Hacker News new | ask | show | jobs
by Zenzero 639 days ago
I'm no expert, but anyone can look at the sensors placed on a Waymo compared to a Tesla and likely rightly assume Waymo doesn't have all of that extra stuff just for looks.

I don't see how Tesla is even a serious contender.

3 comments

I think Tesla assumes that having more and better sensors doesn't really solve the hard problems - just like having more cooling in your computer allows for more performance, but its the die shrinks that get you the real scaling.

It's possible that there exists some error metric inside Tesla that consistently goes down with more training and bigger neural nets in their Vision FSD - whereas switching to LIDAR would reduce that error by a fixed 30%.

They just assume that vision will eventually work out.

While I understand your argument and agree that more sensor means easier path to self-driving, our world is now full of systems that can infer amazing amounts of data from a few sensors. This is the progress of technology.

Apple Watch is probably one of the greatest examples. So many of it's features are inferred via "basic" sensors.

On a different angle, sports refereeing is largely becoming possible due to advances in camera based analysis. We can turn 2d images into a nearly centimeter accurate representation of a playing field in seconds.

> On a different angle, sports refereeing is largely becoming possible due to advances in camera based analysis. We can turn 2d images into a nearly centimeter accurate representation of a playing field in seconds.

These cameras are in a very different and much less dynamic environment than on a road speeding at 100+ km/h while getting splashed on, shat on, dusted on, muddied, stroke by bugs, snowed, etc.

I have a hard time believing that stereoscopic image analysis will ever surpass the efficiency of lidar map analysis of 3d spaces. Given how hard self driving is, it would make sense to make the ugliest, sensor-packed vehicle a working model, and then miniaturize /prune from there.

Starting with "basic" sensors is backwards. It is like aspiring to become a chess grandmaster so good you can play with your eyes closed, and starting out as a beginner with your eyes closed.

The hypothesis was that LIDAR was a crutch, humans manage with just vision.

Whether this is correct for delivering self driving cars, we will find out soon enough. Long term though, it definitely makes sense. We just don't know what the missing pieces of the puzzle are.

> humans manage with just vision

this is commonly repeated but very obviously untrue.

We don't only have vision. We have a general intelligence, coupled with vision. In the absence of AGI, the base assumption has to be the sensor apparatus needs to be significantly superior to humans for an FSD system to drive at a comparable level.

Not to mention it is also untrue because we use senses other than just vision when we drive. We use our ears for acceleration information, sometimes hearing, and the feeling of the wheel when we drive.
We don't have anything close to LIDAR though
And a car doesn't have anything close to a human brain.
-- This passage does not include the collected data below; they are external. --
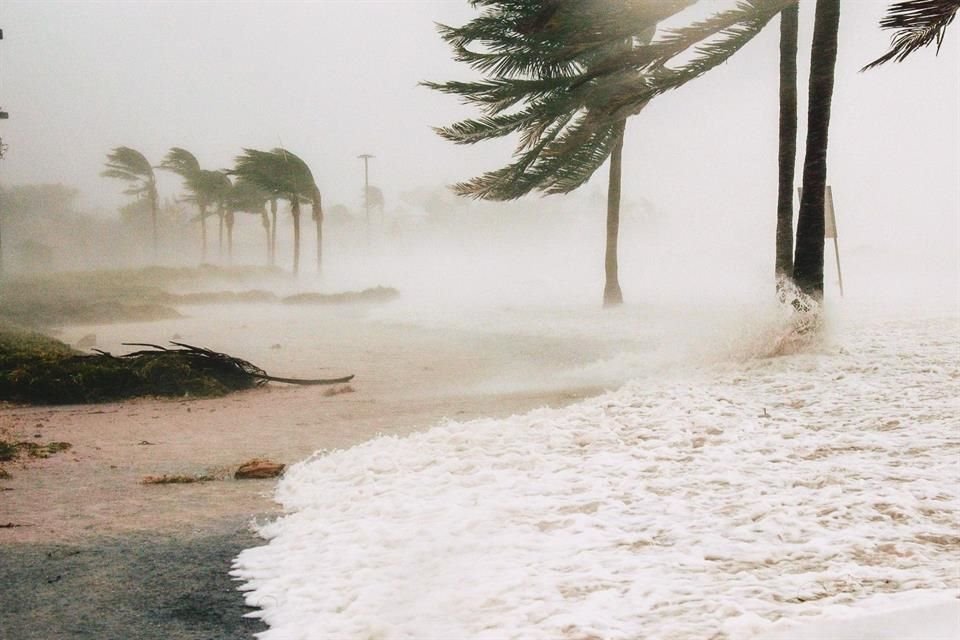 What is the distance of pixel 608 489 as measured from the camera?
3.52 metres

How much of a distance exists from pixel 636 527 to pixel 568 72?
1219 cm

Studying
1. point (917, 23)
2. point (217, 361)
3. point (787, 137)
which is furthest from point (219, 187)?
point (917, 23)

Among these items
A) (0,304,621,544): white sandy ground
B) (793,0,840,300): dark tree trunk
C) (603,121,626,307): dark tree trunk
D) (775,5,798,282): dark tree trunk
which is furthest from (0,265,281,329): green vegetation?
(793,0,840,300): dark tree trunk

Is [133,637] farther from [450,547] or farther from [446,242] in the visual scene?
[446,242]

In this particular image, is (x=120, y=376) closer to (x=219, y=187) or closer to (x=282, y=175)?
(x=282, y=175)

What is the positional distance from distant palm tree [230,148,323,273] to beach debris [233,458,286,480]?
20.8 metres

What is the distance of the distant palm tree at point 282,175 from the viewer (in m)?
25.2

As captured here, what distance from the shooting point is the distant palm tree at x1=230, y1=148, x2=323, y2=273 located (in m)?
25.2

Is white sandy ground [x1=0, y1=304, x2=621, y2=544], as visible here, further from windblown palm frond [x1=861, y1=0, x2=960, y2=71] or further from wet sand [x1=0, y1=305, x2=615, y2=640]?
windblown palm frond [x1=861, y1=0, x2=960, y2=71]

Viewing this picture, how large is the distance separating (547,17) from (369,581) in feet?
19.9

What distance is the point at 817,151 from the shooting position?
7789 mm

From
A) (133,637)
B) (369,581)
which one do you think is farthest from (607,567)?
(133,637)

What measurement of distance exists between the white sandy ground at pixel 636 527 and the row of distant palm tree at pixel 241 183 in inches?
876

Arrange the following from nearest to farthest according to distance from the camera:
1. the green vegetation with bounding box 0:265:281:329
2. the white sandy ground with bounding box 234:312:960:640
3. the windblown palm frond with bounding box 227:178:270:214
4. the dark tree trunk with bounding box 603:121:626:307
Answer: the white sandy ground with bounding box 234:312:960:640 → the dark tree trunk with bounding box 603:121:626:307 → the green vegetation with bounding box 0:265:281:329 → the windblown palm frond with bounding box 227:178:270:214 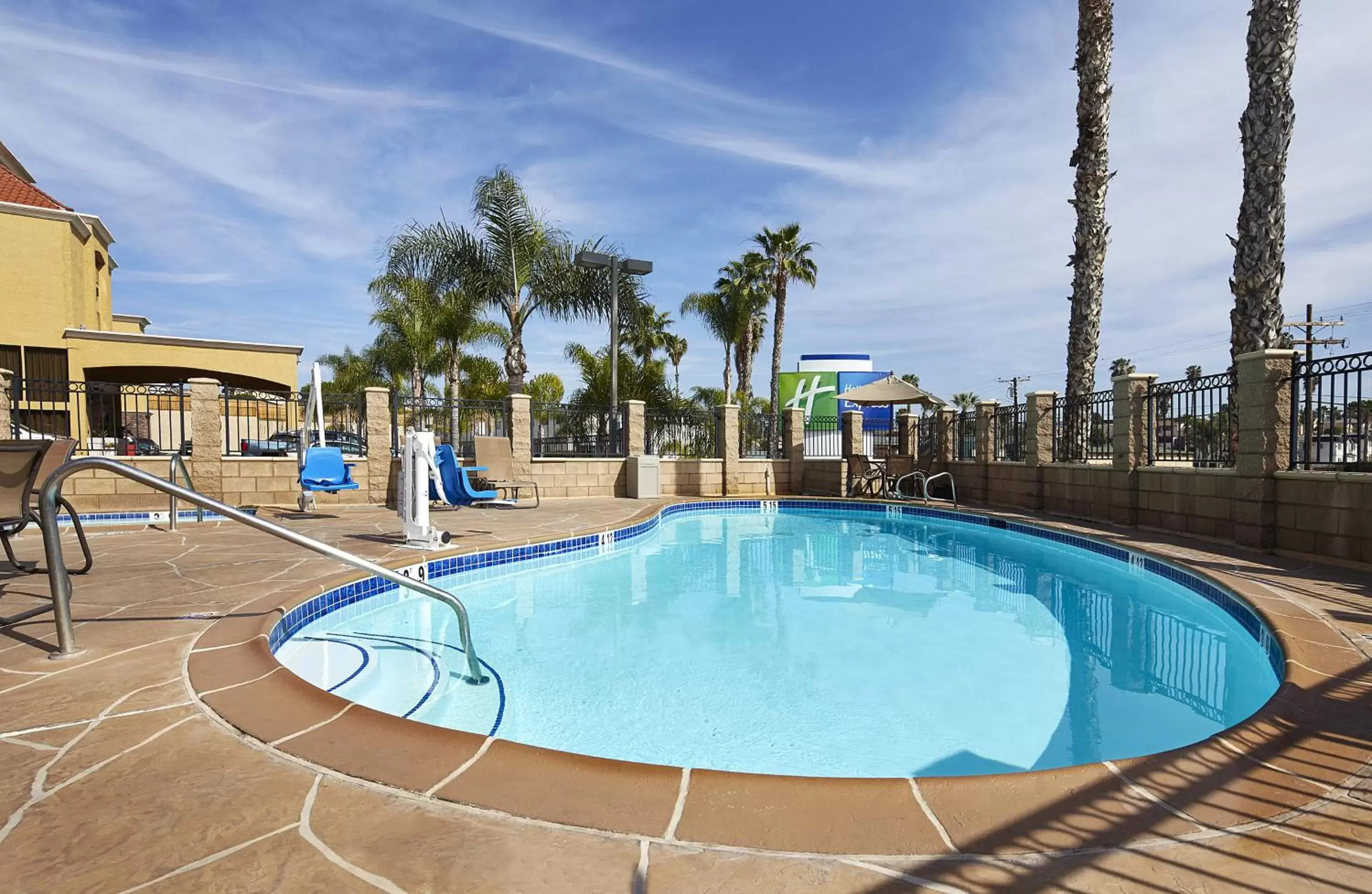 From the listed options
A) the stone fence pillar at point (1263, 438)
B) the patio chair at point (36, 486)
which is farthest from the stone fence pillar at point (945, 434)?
the patio chair at point (36, 486)

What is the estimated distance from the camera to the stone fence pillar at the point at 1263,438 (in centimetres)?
646

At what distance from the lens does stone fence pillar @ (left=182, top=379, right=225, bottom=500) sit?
973 centimetres

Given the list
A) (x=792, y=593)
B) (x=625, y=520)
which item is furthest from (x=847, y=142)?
(x=792, y=593)

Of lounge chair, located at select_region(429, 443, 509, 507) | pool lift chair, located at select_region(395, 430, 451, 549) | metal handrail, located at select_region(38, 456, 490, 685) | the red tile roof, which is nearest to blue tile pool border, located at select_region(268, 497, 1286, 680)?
pool lift chair, located at select_region(395, 430, 451, 549)

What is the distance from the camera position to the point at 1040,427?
10.7m

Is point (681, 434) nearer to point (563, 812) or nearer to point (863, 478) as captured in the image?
point (863, 478)

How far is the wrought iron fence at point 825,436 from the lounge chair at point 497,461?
27.0 ft

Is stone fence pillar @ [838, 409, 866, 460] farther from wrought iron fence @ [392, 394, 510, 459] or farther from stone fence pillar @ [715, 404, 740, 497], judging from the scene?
wrought iron fence @ [392, 394, 510, 459]

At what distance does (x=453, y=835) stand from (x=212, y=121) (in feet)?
39.5

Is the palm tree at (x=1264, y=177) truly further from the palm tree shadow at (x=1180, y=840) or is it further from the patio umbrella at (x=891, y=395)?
the palm tree shadow at (x=1180, y=840)

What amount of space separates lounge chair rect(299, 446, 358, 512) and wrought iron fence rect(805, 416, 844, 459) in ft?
36.3

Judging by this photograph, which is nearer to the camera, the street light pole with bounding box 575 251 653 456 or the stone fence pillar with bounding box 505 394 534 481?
the stone fence pillar with bounding box 505 394 534 481

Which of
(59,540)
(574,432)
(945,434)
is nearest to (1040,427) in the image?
(945,434)

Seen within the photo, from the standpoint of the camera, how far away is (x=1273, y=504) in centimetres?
655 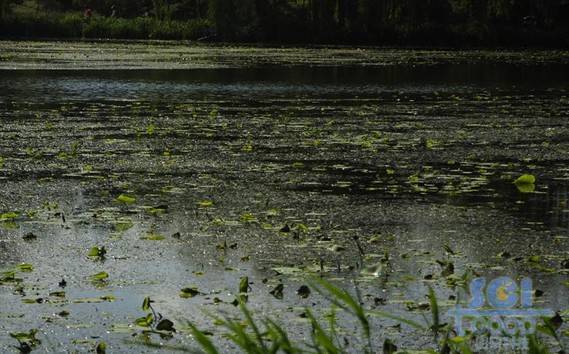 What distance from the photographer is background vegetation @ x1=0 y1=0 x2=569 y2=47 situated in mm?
64188

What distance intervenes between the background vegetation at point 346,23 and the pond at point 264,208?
130 feet

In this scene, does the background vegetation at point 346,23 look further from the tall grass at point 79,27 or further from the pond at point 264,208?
the pond at point 264,208

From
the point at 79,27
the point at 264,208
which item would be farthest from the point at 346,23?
the point at 264,208

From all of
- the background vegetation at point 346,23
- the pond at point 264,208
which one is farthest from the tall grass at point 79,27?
the pond at point 264,208

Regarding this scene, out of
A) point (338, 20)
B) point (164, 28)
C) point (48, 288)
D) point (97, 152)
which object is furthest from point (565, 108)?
point (164, 28)

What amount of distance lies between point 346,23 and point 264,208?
5738cm

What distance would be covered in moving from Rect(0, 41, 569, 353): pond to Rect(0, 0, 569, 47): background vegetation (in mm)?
39658

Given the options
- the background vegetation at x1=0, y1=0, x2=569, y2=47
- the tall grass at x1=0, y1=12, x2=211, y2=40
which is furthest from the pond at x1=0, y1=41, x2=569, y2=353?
the tall grass at x1=0, y1=12, x2=211, y2=40

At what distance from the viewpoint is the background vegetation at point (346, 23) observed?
64.2m

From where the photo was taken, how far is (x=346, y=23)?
67.6 meters

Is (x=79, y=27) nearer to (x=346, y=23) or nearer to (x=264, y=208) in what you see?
(x=346, y=23)

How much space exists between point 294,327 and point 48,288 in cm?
195

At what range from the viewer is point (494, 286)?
8188 millimetres

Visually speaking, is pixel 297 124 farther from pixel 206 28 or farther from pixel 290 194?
pixel 206 28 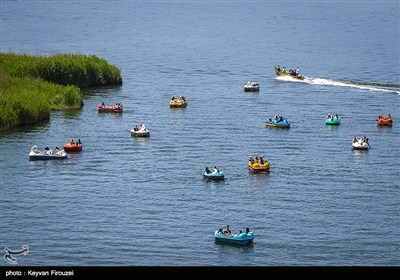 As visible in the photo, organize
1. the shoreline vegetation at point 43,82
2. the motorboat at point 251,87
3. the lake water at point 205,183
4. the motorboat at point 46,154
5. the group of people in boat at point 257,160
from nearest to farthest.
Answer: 1. the lake water at point 205,183
2. the group of people in boat at point 257,160
3. the motorboat at point 46,154
4. the shoreline vegetation at point 43,82
5. the motorboat at point 251,87

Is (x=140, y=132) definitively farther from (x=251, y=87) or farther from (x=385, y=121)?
(x=251, y=87)

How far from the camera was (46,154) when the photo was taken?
90000 mm

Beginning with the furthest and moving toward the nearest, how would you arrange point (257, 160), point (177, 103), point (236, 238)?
point (177, 103) → point (257, 160) → point (236, 238)

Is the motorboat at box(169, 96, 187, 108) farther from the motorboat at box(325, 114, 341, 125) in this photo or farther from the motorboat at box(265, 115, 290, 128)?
the motorboat at box(325, 114, 341, 125)

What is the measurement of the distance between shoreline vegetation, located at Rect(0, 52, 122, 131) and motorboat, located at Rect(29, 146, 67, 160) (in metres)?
13.0

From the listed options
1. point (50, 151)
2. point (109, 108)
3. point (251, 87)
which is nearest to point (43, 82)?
point (109, 108)

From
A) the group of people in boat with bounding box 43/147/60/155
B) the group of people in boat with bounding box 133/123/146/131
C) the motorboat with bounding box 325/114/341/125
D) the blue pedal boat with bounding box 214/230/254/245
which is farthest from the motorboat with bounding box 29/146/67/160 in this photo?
the motorboat with bounding box 325/114/341/125

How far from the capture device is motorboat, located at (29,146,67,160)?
8944cm

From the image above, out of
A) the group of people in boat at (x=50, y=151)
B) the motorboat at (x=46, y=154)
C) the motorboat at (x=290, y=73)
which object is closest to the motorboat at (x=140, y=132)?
the motorboat at (x=46, y=154)

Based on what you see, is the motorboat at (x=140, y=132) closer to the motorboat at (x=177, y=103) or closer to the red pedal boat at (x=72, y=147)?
the red pedal boat at (x=72, y=147)

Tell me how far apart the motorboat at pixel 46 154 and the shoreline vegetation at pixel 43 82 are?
1304cm

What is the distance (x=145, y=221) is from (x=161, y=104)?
61.8m

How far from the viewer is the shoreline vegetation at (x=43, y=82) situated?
4131 inches

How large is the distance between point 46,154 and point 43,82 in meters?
35.1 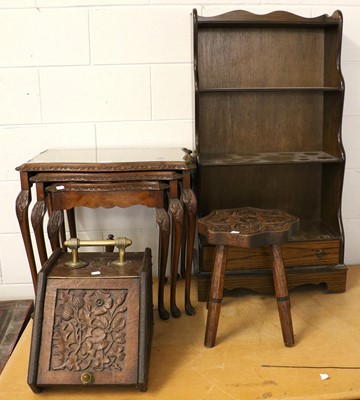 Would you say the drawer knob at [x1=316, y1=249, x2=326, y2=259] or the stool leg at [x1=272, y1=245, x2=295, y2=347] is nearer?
the stool leg at [x1=272, y1=245, x2=295, y2=347]

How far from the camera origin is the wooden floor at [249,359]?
62.1 inches

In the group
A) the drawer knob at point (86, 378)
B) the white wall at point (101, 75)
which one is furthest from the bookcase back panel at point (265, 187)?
the drawer knob at point (86, 378)

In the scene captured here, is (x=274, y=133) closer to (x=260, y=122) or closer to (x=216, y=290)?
(x=260, y=122)

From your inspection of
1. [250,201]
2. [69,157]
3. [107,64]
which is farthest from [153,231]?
[107,64]

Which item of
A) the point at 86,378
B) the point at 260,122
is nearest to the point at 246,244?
the point at 86,378

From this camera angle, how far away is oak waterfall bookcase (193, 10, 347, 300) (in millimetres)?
2205

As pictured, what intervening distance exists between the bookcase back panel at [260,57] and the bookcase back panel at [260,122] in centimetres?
7

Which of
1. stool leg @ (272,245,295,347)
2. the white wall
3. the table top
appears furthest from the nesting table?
the white wall

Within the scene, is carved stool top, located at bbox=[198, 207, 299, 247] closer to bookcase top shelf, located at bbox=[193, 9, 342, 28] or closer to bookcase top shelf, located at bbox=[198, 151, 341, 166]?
bookcase top shelf, located at bbox=[198, 151, 341, 166]

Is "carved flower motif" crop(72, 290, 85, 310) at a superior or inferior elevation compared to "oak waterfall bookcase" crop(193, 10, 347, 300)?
inferior

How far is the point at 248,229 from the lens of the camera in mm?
1792

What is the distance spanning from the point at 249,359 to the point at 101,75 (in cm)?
152

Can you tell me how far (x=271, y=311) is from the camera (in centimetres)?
213

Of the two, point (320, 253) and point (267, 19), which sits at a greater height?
point (267, 19) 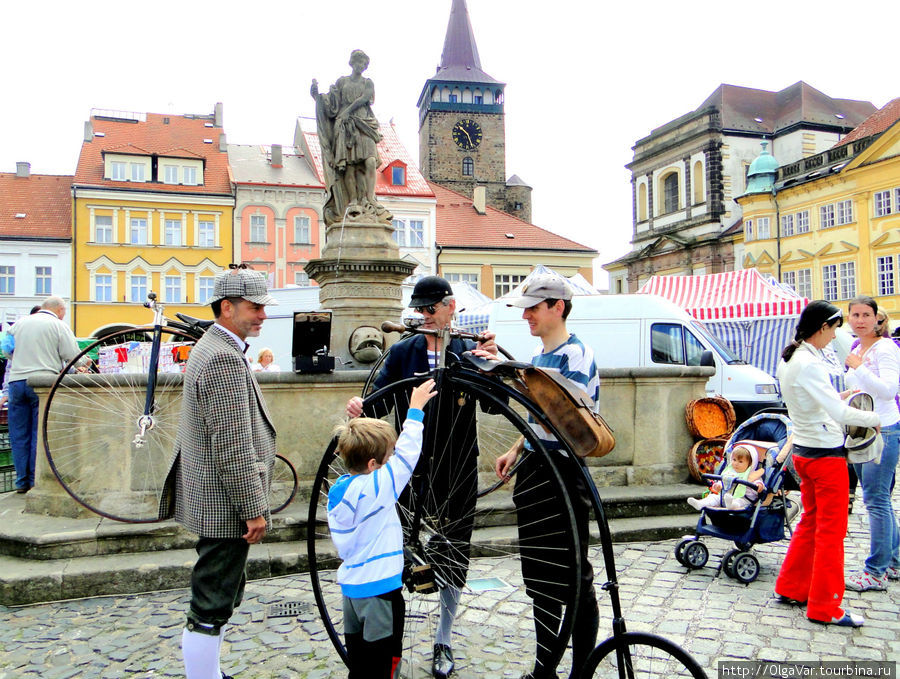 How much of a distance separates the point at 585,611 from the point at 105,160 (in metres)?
44.2

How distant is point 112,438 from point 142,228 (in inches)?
1552

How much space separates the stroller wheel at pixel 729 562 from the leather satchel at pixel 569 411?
279 cm

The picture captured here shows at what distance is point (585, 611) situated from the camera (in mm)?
3453

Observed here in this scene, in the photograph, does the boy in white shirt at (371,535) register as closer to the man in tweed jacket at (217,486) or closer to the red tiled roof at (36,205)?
the man in tweed jacket at (217,486)

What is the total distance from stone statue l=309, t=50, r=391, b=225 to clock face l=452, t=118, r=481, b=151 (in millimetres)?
70019

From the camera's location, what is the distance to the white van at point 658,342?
43.5ft

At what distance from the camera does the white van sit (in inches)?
523

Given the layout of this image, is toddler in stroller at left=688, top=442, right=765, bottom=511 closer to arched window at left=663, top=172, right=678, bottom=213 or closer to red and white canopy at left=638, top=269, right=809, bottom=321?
red and white canopy at left=638, top=269, right=809, bottom=321

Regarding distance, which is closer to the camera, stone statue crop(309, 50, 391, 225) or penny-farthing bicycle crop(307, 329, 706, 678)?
penny-farthing bicycle crop(307, 329, 706, 678)

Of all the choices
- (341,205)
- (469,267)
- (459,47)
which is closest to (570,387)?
(341,205)

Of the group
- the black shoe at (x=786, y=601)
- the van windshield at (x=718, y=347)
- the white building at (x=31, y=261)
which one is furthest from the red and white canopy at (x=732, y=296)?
the white building at (x=31, y=261)

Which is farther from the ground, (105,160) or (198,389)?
(105,160)

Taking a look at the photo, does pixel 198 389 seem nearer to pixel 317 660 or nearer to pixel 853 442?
pixel 317 660

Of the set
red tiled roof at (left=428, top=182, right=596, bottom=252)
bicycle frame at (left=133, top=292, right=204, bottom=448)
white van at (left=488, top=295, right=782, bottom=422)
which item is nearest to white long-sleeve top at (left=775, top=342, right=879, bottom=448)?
bicycle frame at (left=133, top=292, right=204, bottom=448) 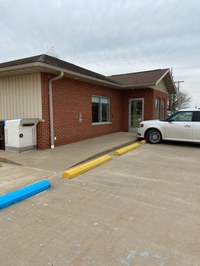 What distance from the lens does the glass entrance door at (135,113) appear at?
13.1 metres

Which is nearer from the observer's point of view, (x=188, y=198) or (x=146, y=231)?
(x=146, y=231)

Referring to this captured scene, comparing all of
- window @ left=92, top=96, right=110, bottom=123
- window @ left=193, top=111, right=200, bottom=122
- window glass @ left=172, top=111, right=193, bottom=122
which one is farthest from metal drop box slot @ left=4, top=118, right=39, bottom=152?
window @ left=193, top=111, right=200, bottom=122

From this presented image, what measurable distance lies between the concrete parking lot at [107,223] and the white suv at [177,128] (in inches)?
161

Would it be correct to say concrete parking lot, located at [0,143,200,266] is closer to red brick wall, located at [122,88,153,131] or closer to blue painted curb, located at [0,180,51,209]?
blue painted curb, located at [0,180,51,209]

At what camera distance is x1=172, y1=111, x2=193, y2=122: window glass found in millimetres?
8219

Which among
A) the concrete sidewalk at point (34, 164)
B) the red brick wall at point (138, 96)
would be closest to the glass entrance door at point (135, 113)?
the red brick wall at point (138, 96)

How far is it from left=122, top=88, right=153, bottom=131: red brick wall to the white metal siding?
7474mm

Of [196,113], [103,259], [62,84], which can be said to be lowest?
[103,259]

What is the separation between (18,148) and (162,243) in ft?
18.9

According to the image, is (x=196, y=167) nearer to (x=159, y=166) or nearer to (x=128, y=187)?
(x=159, y=166)

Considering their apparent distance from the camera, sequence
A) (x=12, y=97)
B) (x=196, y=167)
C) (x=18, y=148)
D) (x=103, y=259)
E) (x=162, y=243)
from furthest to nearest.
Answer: (x=12, y=97)
(x=18, y=148)
(x=196, y=167)
(x=162, y=243)
(x=103, y=259)

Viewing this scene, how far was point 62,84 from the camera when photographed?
803cm

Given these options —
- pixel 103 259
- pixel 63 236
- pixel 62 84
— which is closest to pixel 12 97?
pixel 62 84

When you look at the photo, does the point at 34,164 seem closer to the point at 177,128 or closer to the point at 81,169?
the point at 81,169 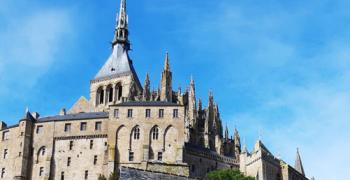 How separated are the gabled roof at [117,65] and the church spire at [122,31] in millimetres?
2053

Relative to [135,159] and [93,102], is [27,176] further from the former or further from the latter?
[93,102]

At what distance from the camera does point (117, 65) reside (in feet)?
343

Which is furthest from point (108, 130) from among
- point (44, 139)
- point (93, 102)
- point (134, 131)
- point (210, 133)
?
point (93, 102)

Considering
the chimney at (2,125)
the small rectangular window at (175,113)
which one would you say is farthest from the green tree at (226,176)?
the chimney at (2,125)

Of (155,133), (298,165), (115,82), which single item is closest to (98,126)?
(155,133)

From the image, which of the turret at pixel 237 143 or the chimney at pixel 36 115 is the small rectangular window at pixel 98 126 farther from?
→ the turret at pixel 237 143

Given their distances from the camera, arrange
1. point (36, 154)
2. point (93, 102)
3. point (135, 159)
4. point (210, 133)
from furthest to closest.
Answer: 1. point (93, 102)
2. point (210, 133)
3. point (36, 154)
4. point (135, 159)

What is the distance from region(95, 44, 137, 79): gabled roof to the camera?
102688 mm

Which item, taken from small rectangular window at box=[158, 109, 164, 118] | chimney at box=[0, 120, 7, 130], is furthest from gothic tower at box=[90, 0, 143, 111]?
small rectangular window at box=[158, 109, 164, 118]

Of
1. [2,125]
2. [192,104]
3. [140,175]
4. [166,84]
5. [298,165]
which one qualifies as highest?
[166,84]

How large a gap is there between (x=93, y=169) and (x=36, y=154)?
7619 millimetres

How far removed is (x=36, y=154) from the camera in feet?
254

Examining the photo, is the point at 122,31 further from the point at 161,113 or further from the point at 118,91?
the point at 161,113

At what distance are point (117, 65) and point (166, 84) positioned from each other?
14.3 metres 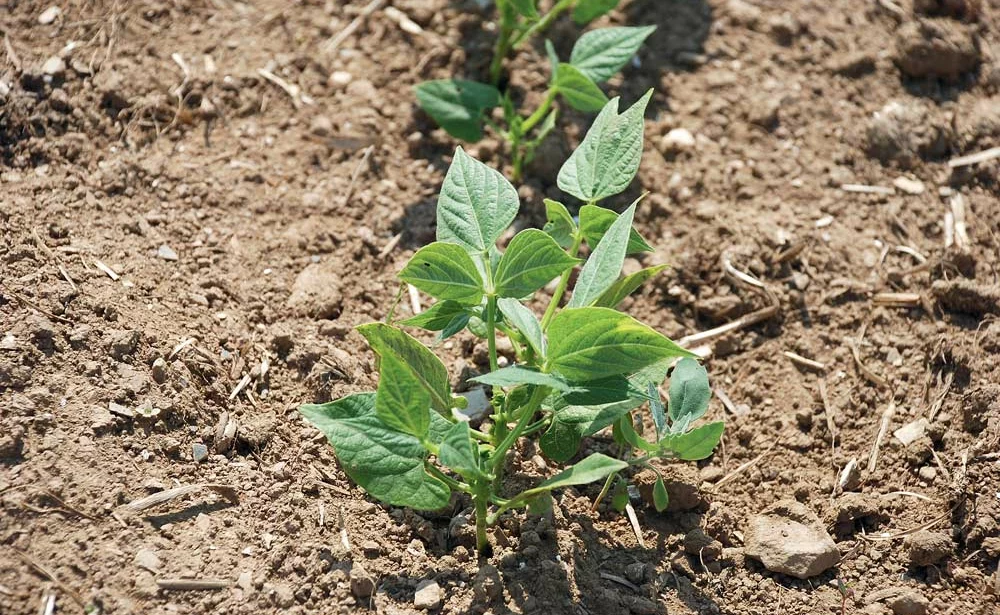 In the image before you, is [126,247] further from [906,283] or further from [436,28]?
[906,283]

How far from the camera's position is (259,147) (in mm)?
2656

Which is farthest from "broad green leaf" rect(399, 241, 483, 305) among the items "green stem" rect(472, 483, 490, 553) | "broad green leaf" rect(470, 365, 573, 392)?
"green stem" rect(472, 483, 490, 553)

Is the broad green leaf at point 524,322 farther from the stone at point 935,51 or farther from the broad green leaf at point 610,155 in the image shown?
the stone at point 935,51

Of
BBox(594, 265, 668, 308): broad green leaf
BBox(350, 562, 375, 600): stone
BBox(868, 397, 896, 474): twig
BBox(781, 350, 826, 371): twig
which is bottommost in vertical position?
BBox(868, 397, 896, 474): twig

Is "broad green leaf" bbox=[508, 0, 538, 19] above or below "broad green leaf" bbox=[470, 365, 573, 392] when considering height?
above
Humans process sensory data in a fundamentally different way to anything that's possible for a self-driving car. The idea that we should base the decision about the sensors on what humans have just fundamentally makes no sense.

Lidar substitutes hardware for something which humans find easy and CV systems find hard - creating a map of the environment. Humans do that by using a brain. CV systems based purely on video really struggle to do that in lots of edge cases. You can shortcut that in a car by using something like lidar.

You are right.

Would you agree then, that if the goal was to develop AGI, just relying on vision is a credible choice?

No. Why should the design parameters for AGI be limited by what a human can do? If the goal was AGI then I'd want all kinds of additional sensor input that humans don't have.
Once it's a solved problem, yes, it makes sense to think about design parameters.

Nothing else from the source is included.